» Requirement
Line by line, copy the material below exactly as given.
════════════════════
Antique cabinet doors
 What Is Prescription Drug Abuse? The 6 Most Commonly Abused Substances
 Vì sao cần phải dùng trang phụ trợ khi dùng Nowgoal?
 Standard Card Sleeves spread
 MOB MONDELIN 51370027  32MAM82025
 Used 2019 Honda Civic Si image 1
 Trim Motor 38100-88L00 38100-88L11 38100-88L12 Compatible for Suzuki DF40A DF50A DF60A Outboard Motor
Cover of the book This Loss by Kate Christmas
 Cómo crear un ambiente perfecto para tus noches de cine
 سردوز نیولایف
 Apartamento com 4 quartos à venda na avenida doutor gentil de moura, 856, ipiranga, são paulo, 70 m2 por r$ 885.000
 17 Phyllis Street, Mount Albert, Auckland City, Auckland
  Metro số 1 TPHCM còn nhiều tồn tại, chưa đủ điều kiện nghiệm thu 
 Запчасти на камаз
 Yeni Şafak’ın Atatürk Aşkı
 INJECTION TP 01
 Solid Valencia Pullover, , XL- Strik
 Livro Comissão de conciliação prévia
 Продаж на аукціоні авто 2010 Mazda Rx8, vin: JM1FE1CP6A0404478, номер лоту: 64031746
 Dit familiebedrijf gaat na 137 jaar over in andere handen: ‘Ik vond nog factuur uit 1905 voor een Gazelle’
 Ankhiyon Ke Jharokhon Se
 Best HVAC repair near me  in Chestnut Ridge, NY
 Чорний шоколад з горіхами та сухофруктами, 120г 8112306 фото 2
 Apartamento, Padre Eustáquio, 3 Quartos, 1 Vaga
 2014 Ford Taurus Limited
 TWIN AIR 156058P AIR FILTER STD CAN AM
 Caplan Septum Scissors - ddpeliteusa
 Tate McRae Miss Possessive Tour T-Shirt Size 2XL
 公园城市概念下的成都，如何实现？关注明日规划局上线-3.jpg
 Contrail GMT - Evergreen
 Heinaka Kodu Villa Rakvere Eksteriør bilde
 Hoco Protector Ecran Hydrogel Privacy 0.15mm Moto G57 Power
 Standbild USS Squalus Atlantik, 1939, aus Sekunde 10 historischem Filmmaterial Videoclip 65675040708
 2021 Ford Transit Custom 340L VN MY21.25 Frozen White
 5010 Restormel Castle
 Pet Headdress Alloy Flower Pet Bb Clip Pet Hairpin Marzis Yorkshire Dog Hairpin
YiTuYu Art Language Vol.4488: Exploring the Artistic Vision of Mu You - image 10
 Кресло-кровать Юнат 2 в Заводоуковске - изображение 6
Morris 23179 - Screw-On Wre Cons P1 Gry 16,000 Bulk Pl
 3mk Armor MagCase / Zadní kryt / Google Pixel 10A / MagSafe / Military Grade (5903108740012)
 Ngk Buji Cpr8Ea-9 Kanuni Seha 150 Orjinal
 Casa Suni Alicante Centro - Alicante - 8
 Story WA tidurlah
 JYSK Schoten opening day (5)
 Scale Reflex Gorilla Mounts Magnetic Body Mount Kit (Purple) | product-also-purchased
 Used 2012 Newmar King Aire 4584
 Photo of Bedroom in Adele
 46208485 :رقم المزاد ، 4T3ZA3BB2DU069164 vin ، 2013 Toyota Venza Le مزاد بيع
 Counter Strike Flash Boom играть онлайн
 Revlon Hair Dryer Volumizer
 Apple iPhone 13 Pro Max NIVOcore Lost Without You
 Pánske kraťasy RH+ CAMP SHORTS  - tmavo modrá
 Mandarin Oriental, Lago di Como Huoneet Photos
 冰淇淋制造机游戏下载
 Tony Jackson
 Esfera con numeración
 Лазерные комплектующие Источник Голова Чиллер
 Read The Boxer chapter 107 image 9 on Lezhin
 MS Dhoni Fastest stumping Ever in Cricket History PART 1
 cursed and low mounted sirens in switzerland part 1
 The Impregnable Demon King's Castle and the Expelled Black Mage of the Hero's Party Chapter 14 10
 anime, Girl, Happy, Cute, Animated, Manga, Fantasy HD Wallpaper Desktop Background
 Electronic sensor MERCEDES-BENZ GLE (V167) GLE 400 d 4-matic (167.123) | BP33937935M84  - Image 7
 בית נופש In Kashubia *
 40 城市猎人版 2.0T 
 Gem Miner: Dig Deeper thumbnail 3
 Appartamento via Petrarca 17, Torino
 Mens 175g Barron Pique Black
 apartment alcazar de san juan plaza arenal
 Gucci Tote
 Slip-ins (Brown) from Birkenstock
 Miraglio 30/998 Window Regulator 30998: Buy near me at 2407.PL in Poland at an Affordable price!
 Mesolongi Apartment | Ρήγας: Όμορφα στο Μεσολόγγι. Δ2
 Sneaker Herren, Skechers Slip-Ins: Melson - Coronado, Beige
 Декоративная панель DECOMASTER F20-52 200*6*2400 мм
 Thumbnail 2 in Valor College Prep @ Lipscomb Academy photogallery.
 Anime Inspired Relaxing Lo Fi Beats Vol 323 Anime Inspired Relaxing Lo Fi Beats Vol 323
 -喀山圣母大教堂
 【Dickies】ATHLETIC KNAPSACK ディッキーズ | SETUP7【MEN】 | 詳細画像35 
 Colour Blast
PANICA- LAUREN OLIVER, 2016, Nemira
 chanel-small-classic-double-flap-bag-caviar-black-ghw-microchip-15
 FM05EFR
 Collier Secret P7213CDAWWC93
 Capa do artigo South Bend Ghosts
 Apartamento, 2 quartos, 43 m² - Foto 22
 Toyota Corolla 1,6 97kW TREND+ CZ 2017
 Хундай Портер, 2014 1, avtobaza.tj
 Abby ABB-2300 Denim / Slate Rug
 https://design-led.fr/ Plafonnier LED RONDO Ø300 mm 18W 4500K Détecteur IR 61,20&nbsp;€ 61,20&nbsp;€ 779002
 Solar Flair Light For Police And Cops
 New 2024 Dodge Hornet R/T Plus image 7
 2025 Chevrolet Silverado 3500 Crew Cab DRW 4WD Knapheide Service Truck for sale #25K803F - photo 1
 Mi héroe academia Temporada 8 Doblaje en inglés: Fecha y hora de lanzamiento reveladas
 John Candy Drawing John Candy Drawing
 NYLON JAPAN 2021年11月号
════════════════════
» Answer to the problem
Antique cabinet doors
 What Is Prescription Drug Abuse? The 6 Most Commonly Abused Substances
 Vì sao cần phải dùng trang phụ trợ khi dùng Nowgoal?
 Standard Card Sleeves spread
 MOB MONDELIN 51370027  32MAM82025
 Used 2019 Honda Civic Si image 1
 Trim Motor 38100-88L00 38100-88L11 38100-88L12 Compatible for Suzuki DF40A DF50A DF60A Outboard Motor
Cover of the book This Loss by Kate Christmas
 Cómo crear un ambiente perfecto para tus noches de cine
 سردوز نیولایف
 Apartamento com 4 quartos à venda na avenida doutor gentil de moura, 856, ipiranga, são paulo, 70 m2 por r$ 885.000
 17 Phyllis Street, Mount Albert, Auckland City, Auckland
  Metro số 1 TPHCM còn nhiều tồn tại, chưa đủ điều kiện nghiệm thu 
 Запчасти на камаз
 Yeni Şafak’ın Atatürk Aşkı
 INJECTION TP 01
 Solid Valencia Pullover, , XL- Strik
 Livro Comissão de conciliação prévia
 Продаж на аукціоні авто 2010 Mazda Rx8, vin: JM1FE1CP6A0404478, номер лоту: 64031746
 Dit familiebedrijf gaat na 137 jaar over in andere handen: ‘Ik vond nog factuur uit 1905 voor een Gazelle’
 Ankhiyon Ke Jharokhon Se
 Best HVAC repair near me  in Chestnut Ridge, NY
 Чорний шоколад з горіхами та сухофруктами, 120г 8112306 фото 2
 Apartamento, Padre Eustáquio, 3 Quartos, 1 Vaga
 2014 Ford Taurus Limited
 TWIN AIR 156058P AIR FILTER STD CAN AM
 Caplan Septum Scissors - ddpeliteusa
 Tate McRae Miss Possessive Tour T-Shirt Size 2XL
 公园城市概念下的成都，如何实现？关注明日规划局上线-3.jpg
 Contrail GMT - Evergreen
 Heinaka Kodu Villa Rakvere Eksteriør bilde
 Hoco Protector Ecran Hydrogel Privacy 0.15mm Moto G57 Power
 Standbild USS Squalus Atlantik, 1939, aus Sekunde 10 historischem Filmmaterial Videoclip 65675040708
 2021 Ford Transit Custom 340L VN MY21.25 Frozen White
 5010 Restormel Castle
 Pet Headdress Alloy Flower Pet Bb Clip Pet Hairpin Marzis Yorkshire Dog Hairpin
YiTuYu Art Language Vol.4488: Exploring the Artistic Vision of Mu You - image 10
 Кресло-кровать Юнат 2 в Заводоуковске - изображение 6
Morris 23179 - Screw-On Wre Cons P1 Gry 16,000 Bulk Pl
 3mk Armor MagCase / Zadní kryt / Google Pixel 10A / MagSafe / Military Grade (5903108740012)
 Ngk Buji Cpr8Ea-9 Kanuni Seha 150 Orjinal
 Casa Suni Alicante Centro - Alicante - 8
 Story WA tidurlah
 JYSK Schoten opening day (5)
 Scale Reflex Gorilla Mounts Magnetic Body Mount Kit (Purple) | product-also-purchased
 Used 2012 Newmar King Aire 4584
 Photo of Bedroom in Adele
 46208485 :رقم المزاد ، 4T3ZA3BB2DU069164 vin ، 2013 Toyota Venza Le مزاد بيع
 Counter Strike Flash Boom играть онлайн
 Revlon Hair Dryer Volumizer
 Apple iPhone 13 Pro Max NIVOcore Lost Without You
 Pánske kraťasy RH+ CAMP SHORTS  - tmavo modrá
 Mandarin Oriental, Lago di Como Huoneet Photos
 冰淇淋制造机游戏下载
 Tony Jackson
 Esfera con numeración
 Лазерные комплектующие Источник Голова Чиллер
 Read The Boxer chapter 107 image 9 on Lezhin
 MS Dhoni Fastest stumping Ever in Cricket History PART 1
 cursed and low mounted sirens in switzerland part 1
 The Impregnable Demon King's Castle and the Expelled Black Mage of the Hero's Party Chapter 14 10
 anime, Girl, Happy, Cute, Animated, Manga, Fantasy HD Wallpaper Desktop Background
 Electronic sensor MERCEDES-BENZ GLE (V167) GLE 400 d 4-matic (167.123) | BP33937935M84  - Image 7
 בית נופש In Kashubia *
 40 城市猎人版 2.0T 
 Gem Miner: Dig Deeper thumbnail 3
 Appartamento via Petrarca 17, Torino
 Mens 175g Barron Pique Black
 apartment alcazar de san juan plaza arenal
 Gucci Tote
 Slip-ins (Brown) from Birkenstock
 Miraglio 30/998 Window Regulator 30998: Buy near me at 2407.PL in Poland at an Affordable price!
 Mesolongi Apartment | Ρήγας: Όμορφα στο Μεσολόγγι. Δ2
 Sneaker Herren, Skechers Slip-Ins: Melson - Coronado, Beige
 Декоративная панель DECOMASTER F20-52 200*6*2400 мм
 Thumbnail 2 in Valor College Prep @ Lipscomb Academy photogallery.
 Anime Inspired Relaxing Lo Fi Beats Vol 323 Anime Inspired Relaxing Lo Fi Beats Vol 323
 -喀山圣母大教堂
 【Dickies】ATHLETIC KNAPSACK ディッキーズ | SETUP7【MEN】 | 詳細画像35 
 Colour Blast
PANICA- LAUREN OLIVER, 2016, Nemira
 chanel-small-classic-double-flap-bag-caviar-black-ghw-microchip-15
 FM05EFR
 Collier Secret P7213CDAWWC93
 Capa do artigo South Bend Ghosts
 Apartamento, 2 quartos, 43 m² - Foto 22
 Toyota Corolla 1,6 97kW TREND+ CZ 2017
 Хундай Портер, 2014 1, avtobaza.tj
 Abby ABB-2300 Denim / Slate Rug
 https://design-led.fr/ Plafonnier LED RONDO Ø300 mm 18W 4500K Détecteur IR 61,20&nbsp;€ 61,20&nbsp;€ 779002
 Solar Flair Light For Police And Cops
 New 2024 Dodge Hornet R/T Plus image 7
 2025 Chevrolet Silverado 3500 Crew Cab DRW 4WD Knapheide Service Truck for sale #25K803F - photo 1
 Mi héroe academia Temporada 8 Doblaje en inglés: Fecha y hora de lanzamiento reveladas
 John Candy Drawing John Candy Drawing
 NYLON JAPAN 2021年11月号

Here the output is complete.